▶ REQUIREMENT
The full listing should be reproduced exactly as it appears.

▶ SUPPLIED DATA

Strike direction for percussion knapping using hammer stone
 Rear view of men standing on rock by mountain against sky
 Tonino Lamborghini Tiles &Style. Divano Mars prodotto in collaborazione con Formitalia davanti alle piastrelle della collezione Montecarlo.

▶ TASK SOLUTION
Strike direction for percussion knapping using hammer stone
 Rear view of men standing on rock by mountain against sky
 Tonino Lamborghini Tiles &Style. Divano Mars prodotto in collaborazione con Formitalia davanti alle piastrelle della collezione Montecarlo.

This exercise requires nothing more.